Jesús les dijo: «Los hijos de este mundo toman mujer o marido; pero los que alcancen a ser dignos de tener parte en aquel mundo y en la resurrección de entre los muertos, ni ellos tomarán mujer ni ellas marido, ni pueden ya morir, porque son como ángeles, y son hijos de Dios, siendo hijos de la resurrección. Y que los muertos resucitan lo ha indicado también Moisés en lo de la zarza, cuando llama al Señor el Dios de Abraham, el Dios de Isaac y el Dios de Jacob. No es un Dios de muertos, sino de vivos, porque para Él todos viven».
Algunos de los escribas le dijeron: «Maestro, has hablado bien». Pues ya no se atrevían a preguntarle nada.
Hoy percibimos en esos interlocutores de Jesús —los saduceos— un error: imaginaban la vida eterna como mera «continuación sin fin» de la vida terrenal. ¡No sorprende que negaran la resurrección! La vida eterna no la descubrimos a través del análisis de nuestra propia existencia; el «Espero en la resurrección de los muertos y la vida del mundo futuro» es consecuencia de creer en el Dios vivo.

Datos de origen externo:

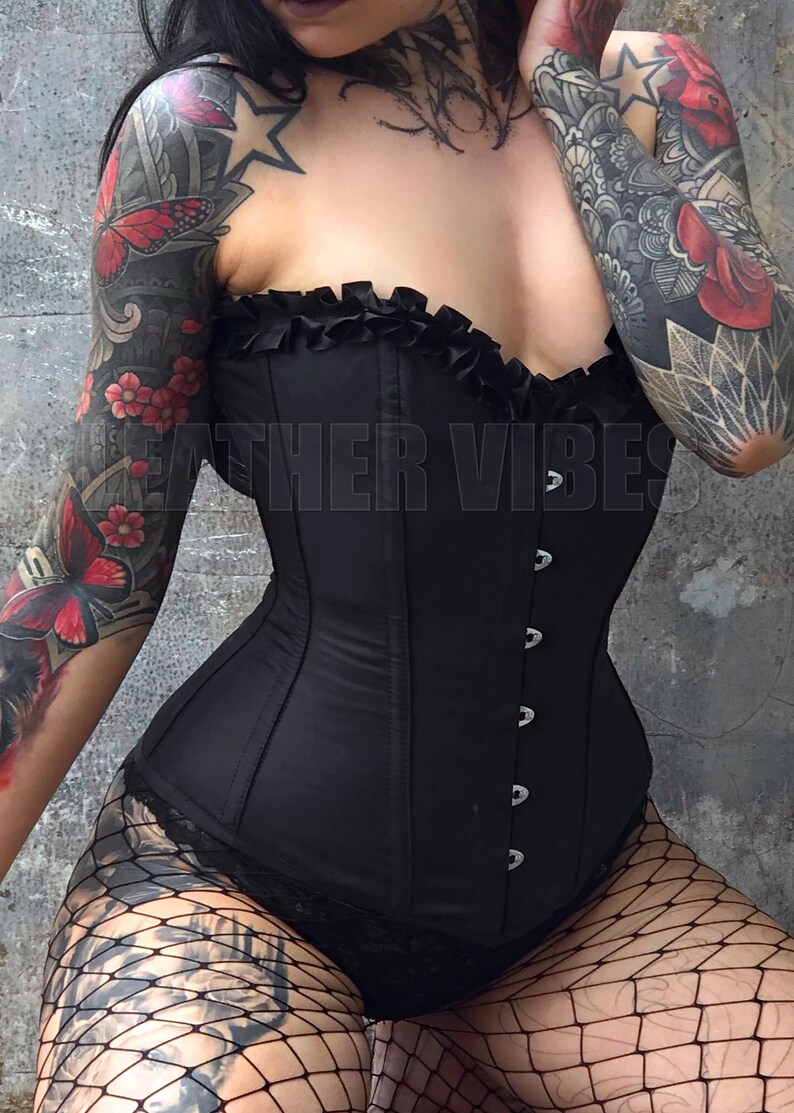 May include: A black corset with a ruffled top and silver buttons. The corset is worn over a black lace top and fishnet stockings. The person wearing the corset has tattoos on both arms.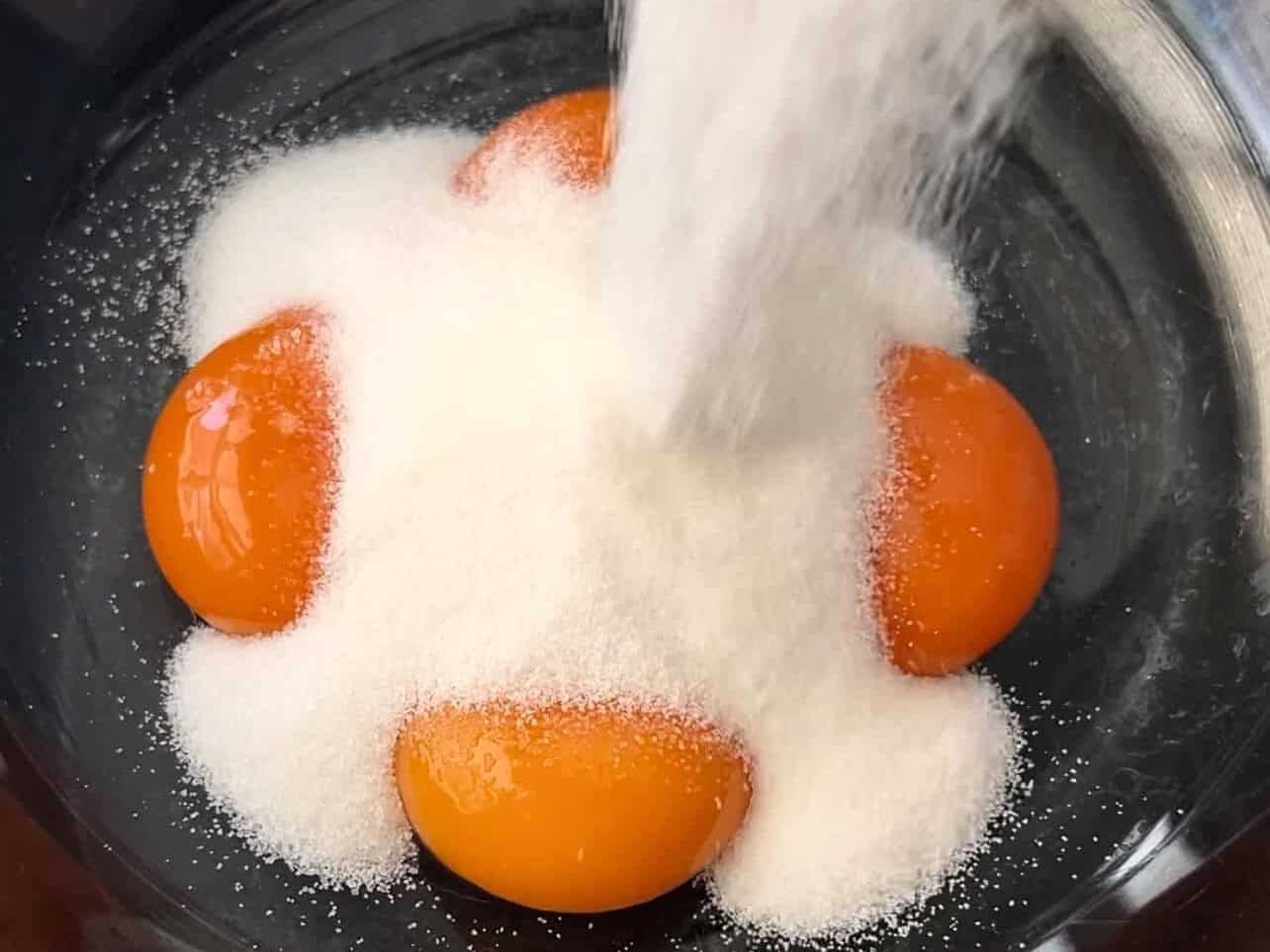 tempering eggs with sugar over a double boiler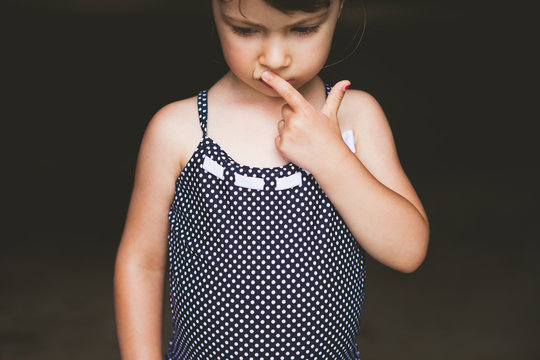 Serious girl wearing navy polka dot swim suit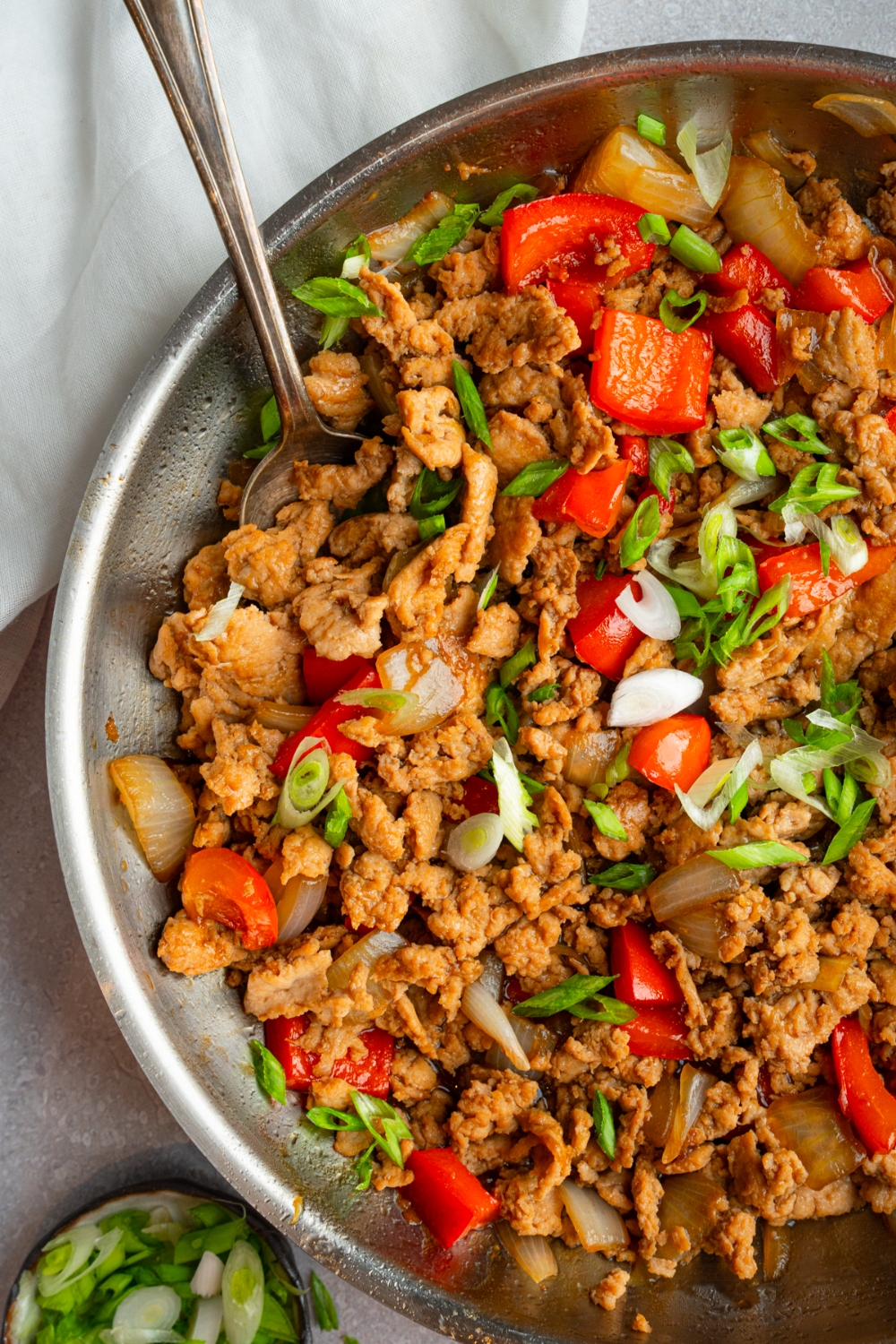 A skillet with minced chicken stir fry garnished with sliced green onions and served with a spoon. The skillet is on a white counter with a small plate of garnishes.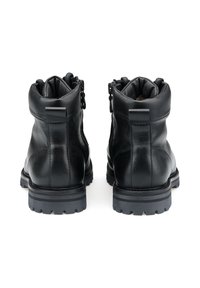 Bottines en cuir noir avec un bout arrondi, fermeture à glissière sur le côté, col rembourré et semelle en caoutchouc texturé avec des crampons profonds.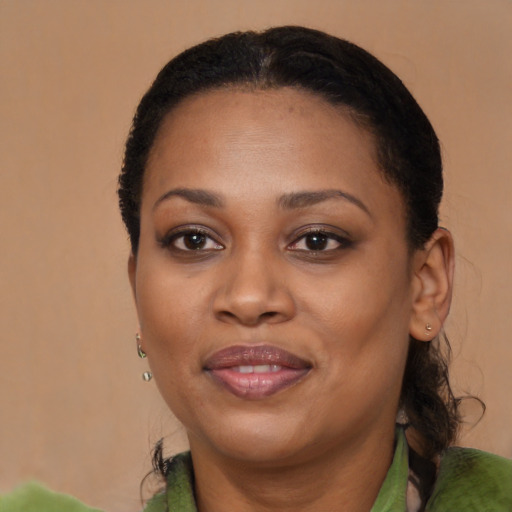 Joyful black adult female with long  brown hair and brown eyes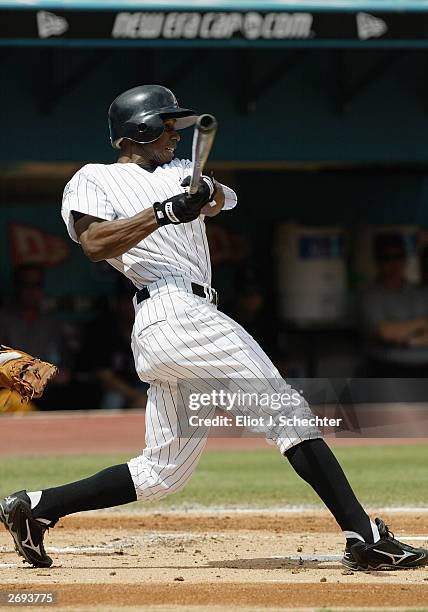 Center fielder Juan Pierre of the Florida Marlins bats against the New York Mets on September 28, 2003 at Pro Player Stadium in Miami, Florida. The...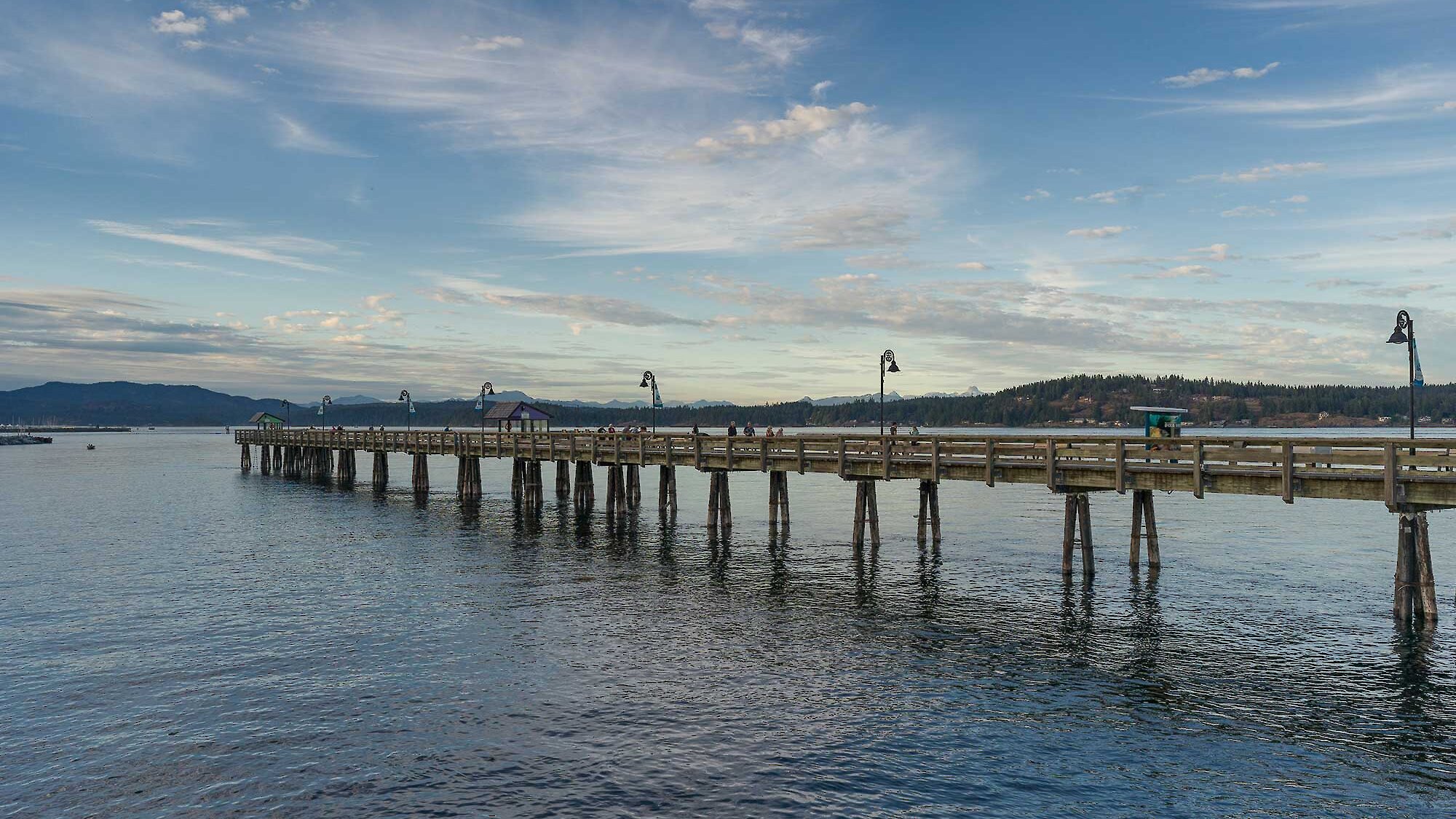 The Campbell River Pier stretches out along the blue sky and water with Quadra Island in the background.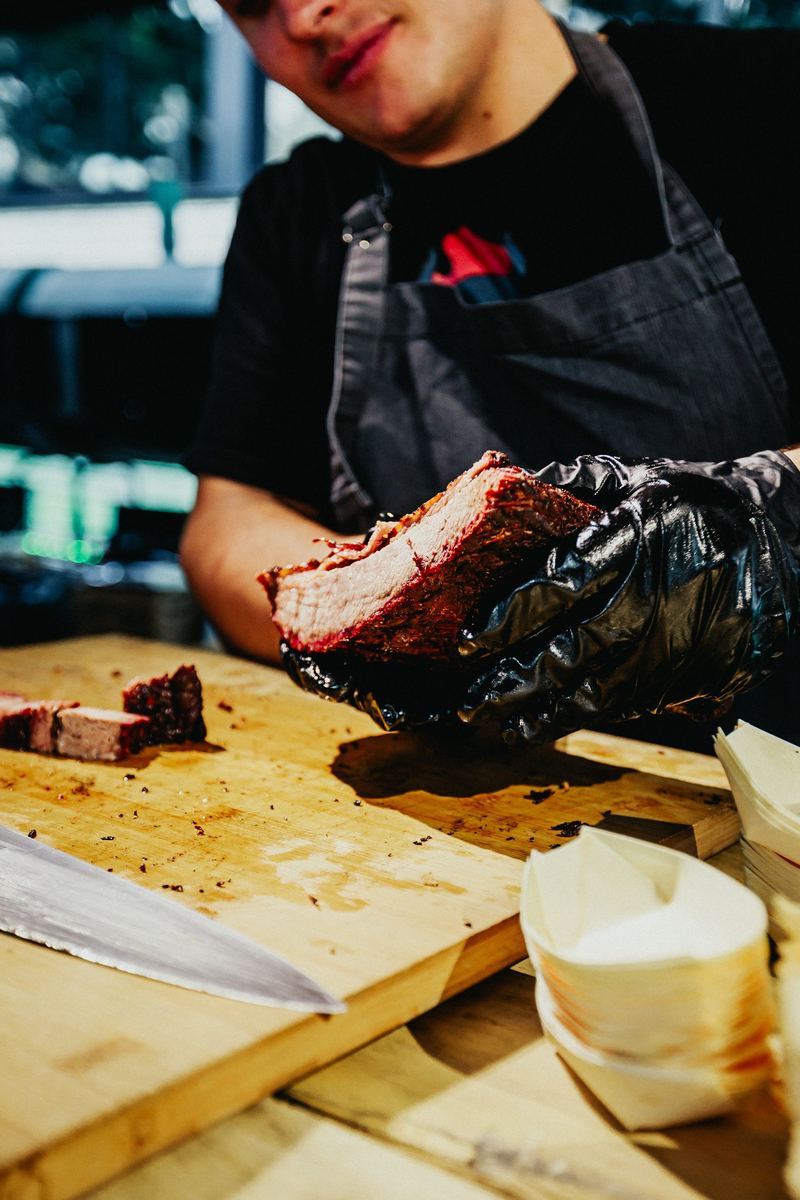 Le cuisinier tranche une pièce de viande fumée sur une planche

La vida eterna no es «tiempo sin fin», sino otra forma de existencia, en la que todo confluye simultáneamente en el «ahora del amor», en una nueva «cualidad del ser» (rescatada de la fragmentación de nuestra existencia actual). Sería el momento del sumergirse en el océano del Amor Infinito, en el cual el tiempo —el antes y el después— ya no existe: eso es el Cielo, donde «todos viven para Él». ¡Una vida que apetece ser vivida eternamente!
—Jesús, espero este momento de vida plena, desbordado por la alegría, según tu promesa: «Volveré a veros y se alegrará vuestro corazón y nadie os quitará vuestra alegría».